Top 5 Most Curious Insurance Policies
Some contests are so outrageous that there’s a good chance no one will win. The sponsors, however, play it safe with an insurance policy—just in case. According to Bankrate.com, whiskey company Cutty Sark purchased insurance for a promotion that offered 1 million British pounds sterling for the capture of “Nessie,” the Loch Ness monster. Nobody won the prize. In 2010, a jeweler in Wilmington, North Carolina, pledged to issue refunds on all sales between Nov. 26 and Dec. 11 if 3 inches of snow or more fell at the Asheville, North Carolina, airport on Christmas Day. Sales during the period totaled $500,000. About 8 inches of snow fell, and the jeweler used a weather-contingent insurance policy to back his promise, Bankrate.com explains.

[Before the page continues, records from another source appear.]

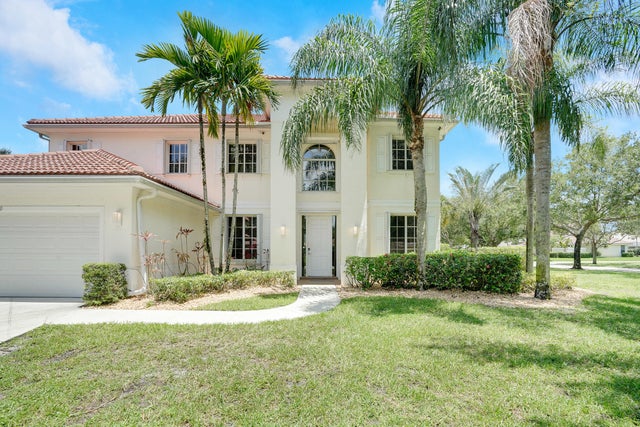 2 of 40 - 220 Blackbird Lane, Jupiter, FL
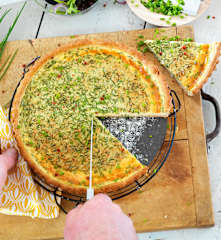 Quiche au parmesan et à la ciboulette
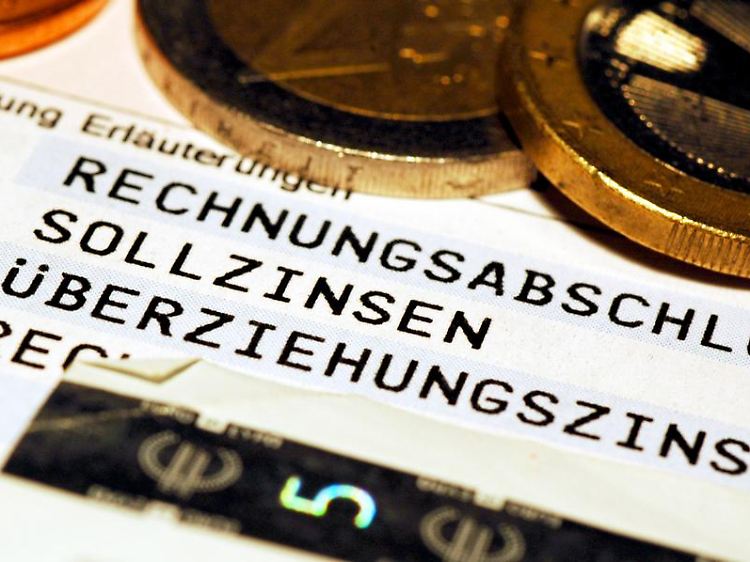Für Kunden müsse es nachvollziehbar sein, wie und wann ihre Bank die Dispozinsen ändert, befanden die Richter.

4 Alien Abduction and Paranormal Coverage
So many people believe in aliens that they’re willing to purchase insurance in the event of an alien abduction. Claims could pay victims between $150 and $1.5 million, depending on the policy, according to the site Property Casualty 360°. The site also reports that three sisters in Scotland were insured against the possibility of a virgin birth in the event of the return of Jesus Christ. Lloyd’s of London sells policies to those who fear a zombie, vampire or werewolf attack. However, details are not available about the payout for actually becoming a zombie, vampire or werewolf after the said attack.
3 Body Part Coverage
You have to protect your money maker. It’s not news that celebrities (or their sponsors) insure parts of their bodies. According to “Forbes,” Australian cricket player Merv Hughes insured his mustache in the 1980s for about $400,000. In the 1920s, actor Ben Turpin would have received a payout of $20,000 if his eyes ever uncrossed. Bankrate.com shares that epicureans also insure their most valuable assets. For example, Ilja Gort, a Dutch winemaker, insured his nose for $8 million. In 2009, coffee taster Gennaro Pelliccia insured his tongue for $14 million.
2 Wedding Coverage
It’s not uncommon for people to insure events. Today, such events include weddings, which have an average cost of $29,000 in the United States, according to Bankrate.com. In addition to offering its traditional wedding coverage for items like nonrefundable expenses, insurance company Fireman’s Fund offers a “change of heart” rider if someone gets cold feet 180 days before the wedding. The policy helps pay for the share of the wedding costs of the “innocent party financiers” (aka parents) and the cost of professional counseling services.
1 Spaceship Insurance
If you think that your car insurance is expensive, imagine Sir Richard Branson’s premium for SpaceShipOne. According to Bankrate.com, the craft had a $100 million liability policy from Lloyd’s of London. Lloyd’s also insures earthbound individuals against injury caused by debris from a disintegrating satellite, and insures businesses against “space weather”—magnetic storms in space—that disrupts power on earth.